Police use tear gas on protestors outside newly re-opened Hong Kong Museum of Art prompting safety fears for visitors and works

Substance was used during a rally calling for the government to meet the protestors' “five demands”

Riot police ordered those outside HKMoA to leave or risk being arrested for illegal assembly Image: © Vivienne Chow

Riot police ordered those outside HKMoA to leave or risk being arrested for illegal assembly Image: © Vivienne Chow

Hong Kong police deployed tear gas during a protest yesterday that took place close to the city’s Museum of Art (HKMoA) just one day after it reopened its doors to the public. The use of tear gas at the museum, which re-opened after a three-year renovation with a travelling show from the Tate, prompted concerns over whether the police's wide use of the substance is putting important works and museum visitors at risk.

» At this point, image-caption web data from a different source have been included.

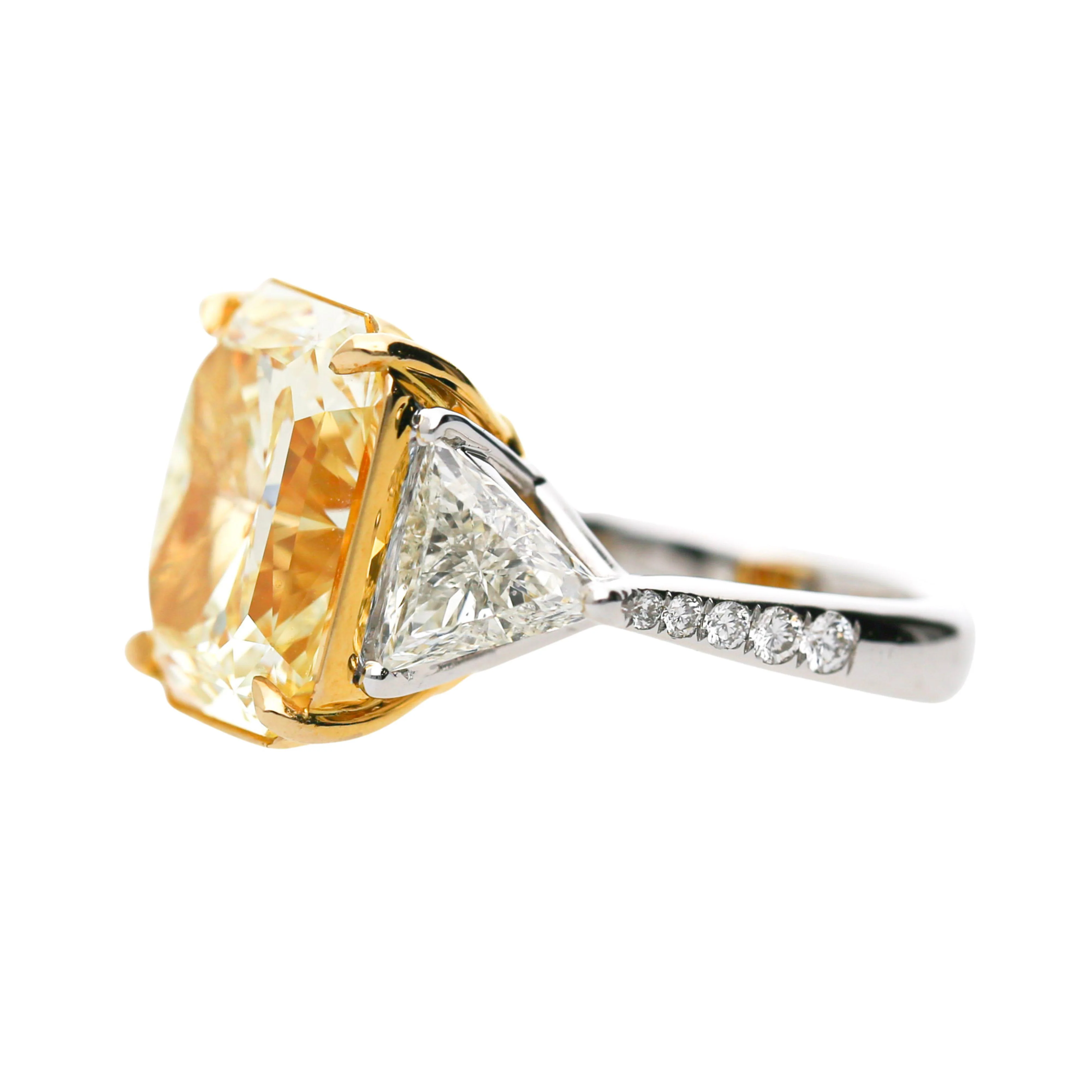 GIA Certified 13.03 Carat Flawless Radiant Fancy Yellow Diamond Ring - Image 5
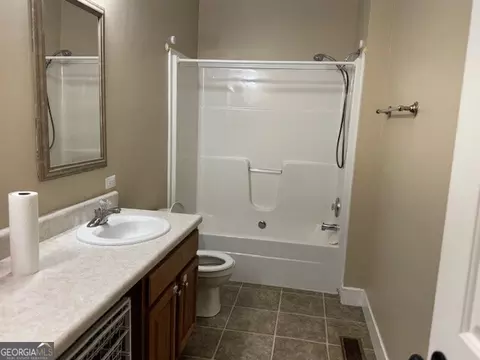 Bath - 430 Briley Rd, Lagrange, GA 30241 photo 1 of 2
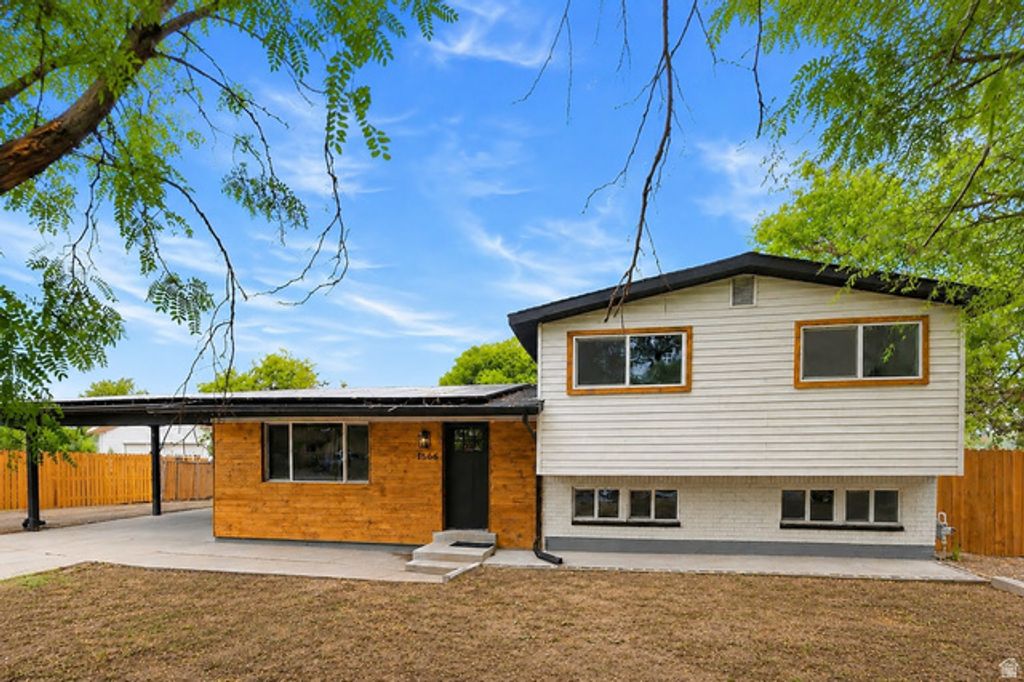 1366 W PARKWAY AVE, Salt Lake City, UT 84119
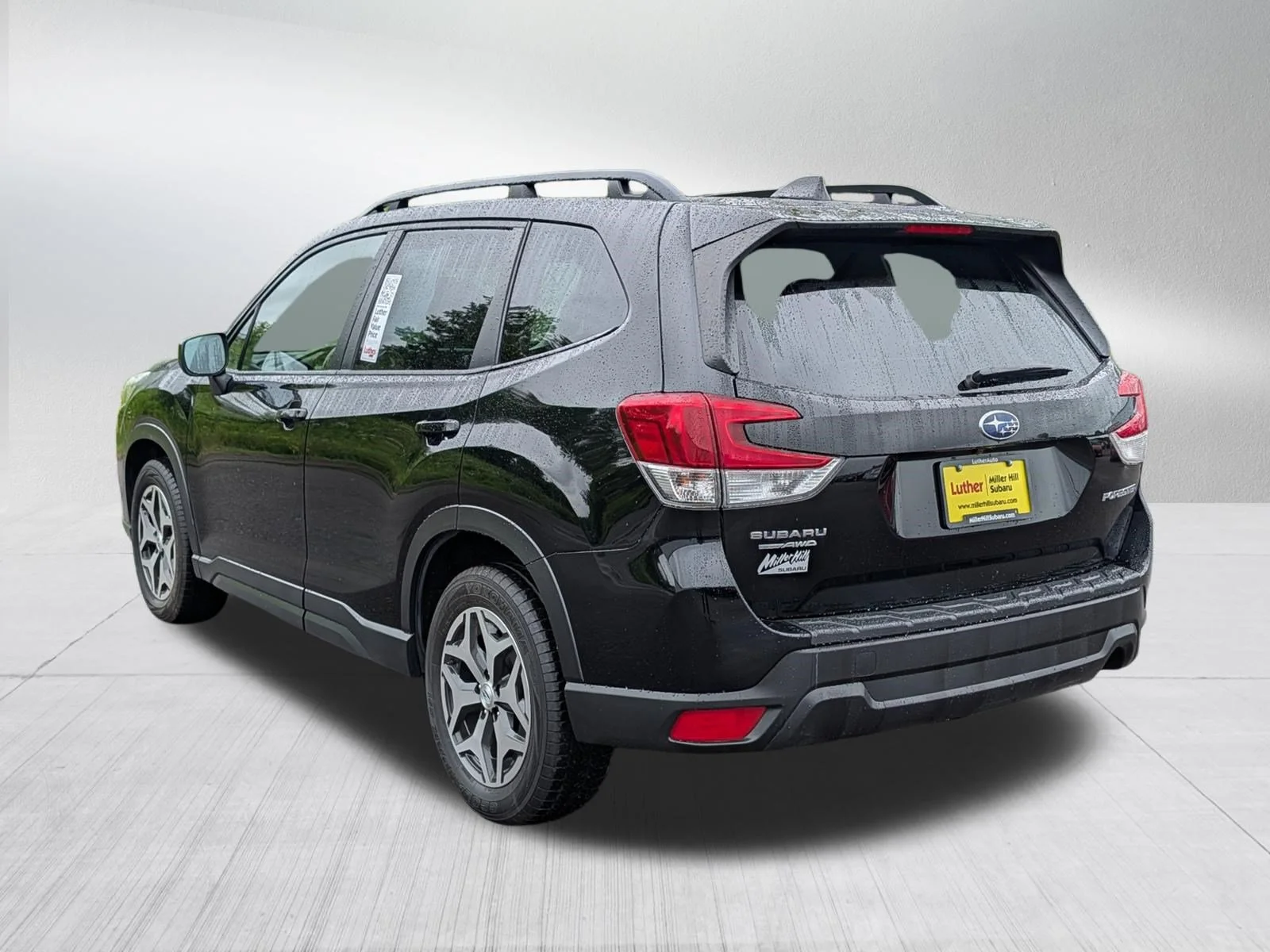 Used 2023 Crystal Black Silica Subaru Premium image 5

Tens of thousands of people took part in a rally in Tsim Sha Tsui district on Sunday calling for the government to meet their “five demands”—which includes the implementation of universal suffrage promised in the city’s mini-constitution, the Basic Law—despite the pro-democracy camp’s landslide victory at the District Council elections on the previous Sunday. Organisers planned for a peaceful protest with a route passing by the government-run HKMoA and art mall K11 Musea, founded by the mega collector Adrian Cheng. They received a letter of no objection from the police, which allowed the rally to take place between 3pm and 6pm.

But at around 4pm, the police started firing tear gas into the crowd on Salisbury Road next to Art Square, a public art park located by the entrance of HKMoA. Some members of the crowd, a mix of the elderly, children, parents as well as young people, fled towards the museum building. It was uncertain if the museum allowed people to seek refuge in the building, which already had a notice on its door stating that it would close early. Riot police then declared that the rally had ended and anyone gathering outside HKMoA could be subject to arrest for “illegal assembly”.

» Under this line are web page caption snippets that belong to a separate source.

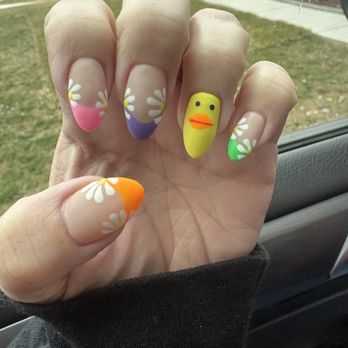 Yasters Signature Nails - Nail Salons Near Me - Kitchener, Ontario
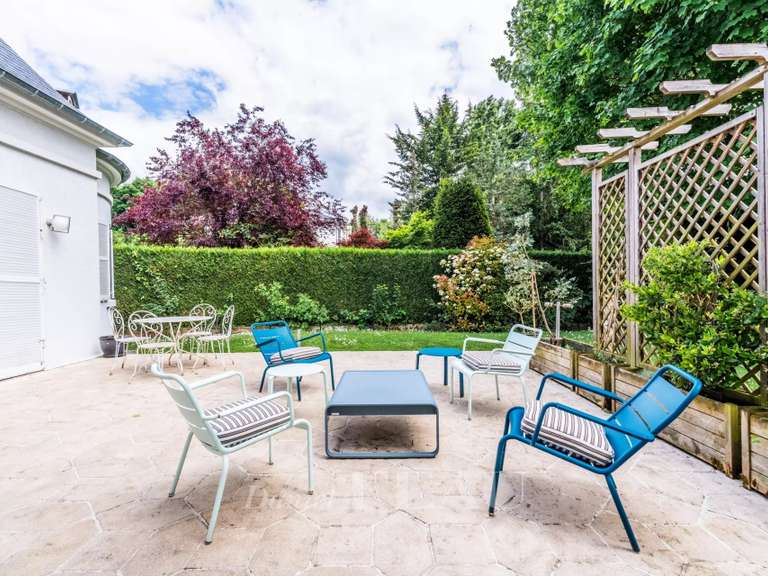 Maison Saint-Germain-en-Laye - 7 chambres - 315m²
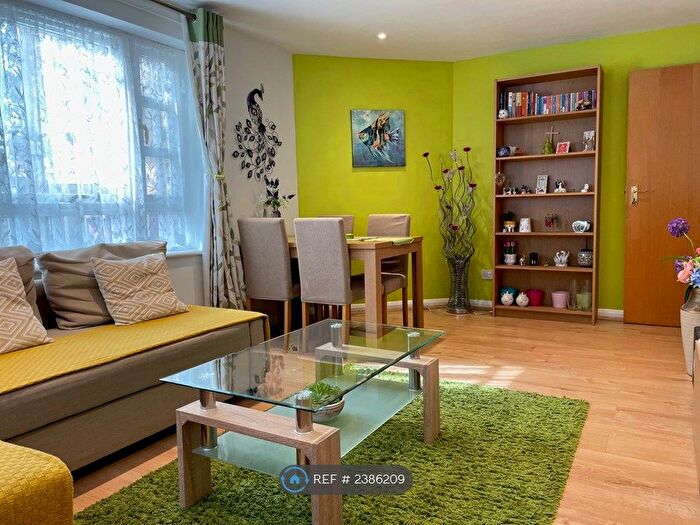 2 Bedroom Flat To Rent In Reeves Road, London, E3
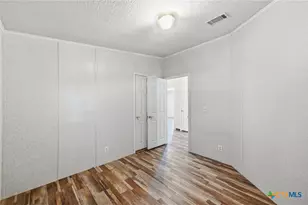 357 Dallas St, Bandera, TX 78003 - Photo 20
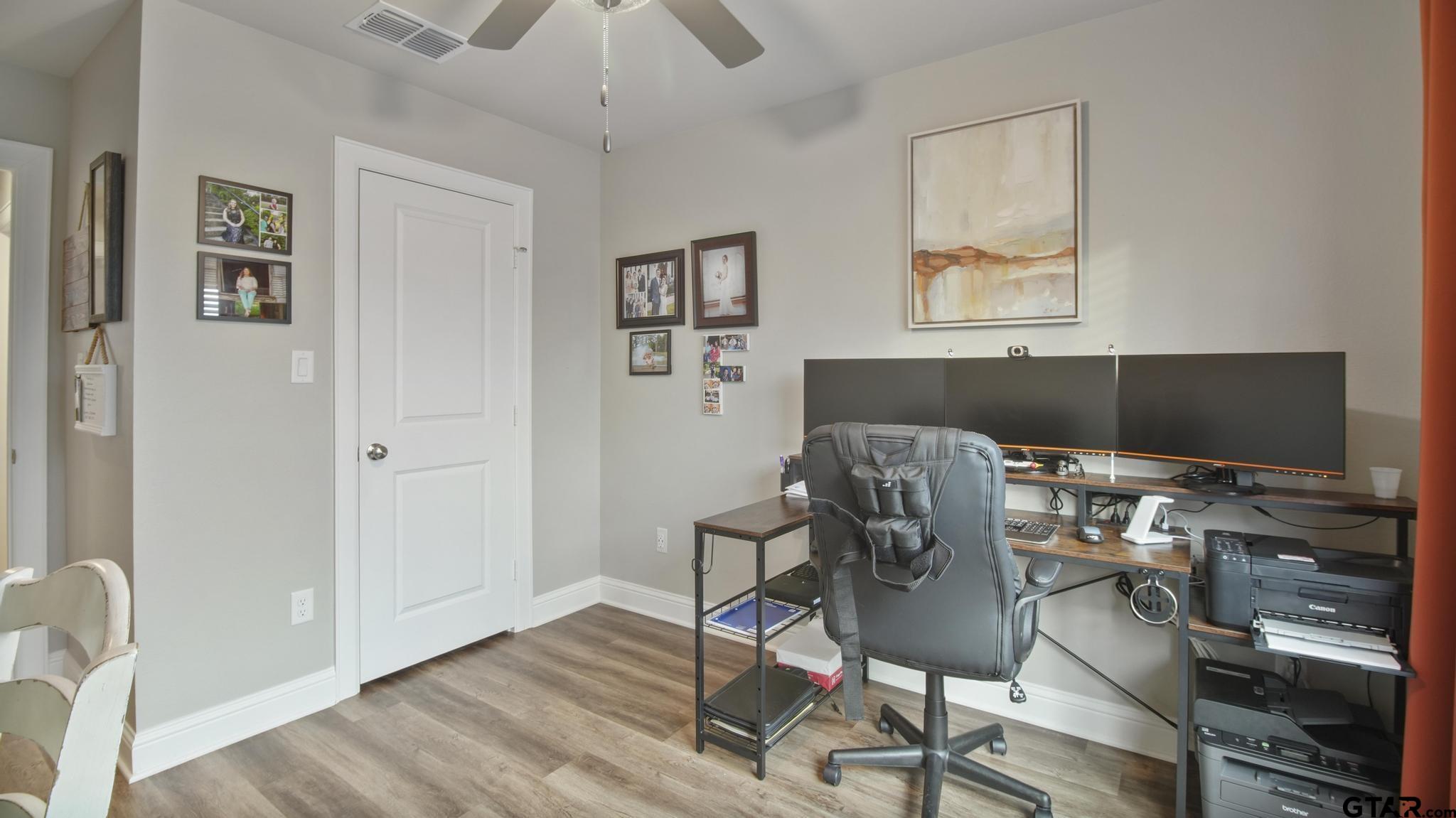 14144 Foxtail Dr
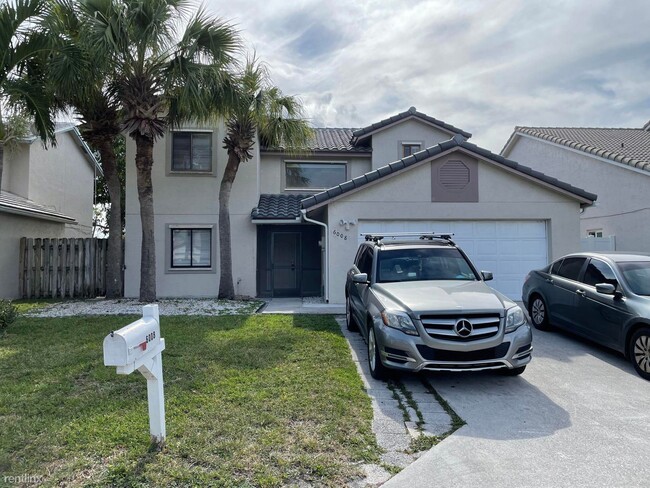 Building Photo - 4 br, 2.5 bath House - 6008 Strawberry Fie...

“It was all peaceful and we walked towards Hung Hom. Then the police blocked the road and we had to head back here, and now we just got tear-gassed for no reason,” said one female protester in her 50s standing outside HKMoA.

A video clip posted online shows police opening the doors of one side entrance of K11 Musea and pepper-spraying people inside.

The Hong Kong Museum of Art reopened on the Kowloon side of Victoria Harbour on 30 November Image: courtesy of the Hong Kong Museum of Art

The HKMoA opened to the public on 30 November with 11 exhibitions featuring some of the most important collections of works from the region, including paintings by the late 20th-century master Wu Guanzhong, who donated an important body of work to the museum, Chinese ink paintings dating back to the Ming dynasty from the Chih Lo Lou Collection, some of the oldest visual records of Hong Kong from the Charter collection, landmark works of Hong Kong’s New Ink Movement, as well as landscape paintings by J.M.W. Turner, John Constable, and the largest work by David Hockney on loan from the Tate.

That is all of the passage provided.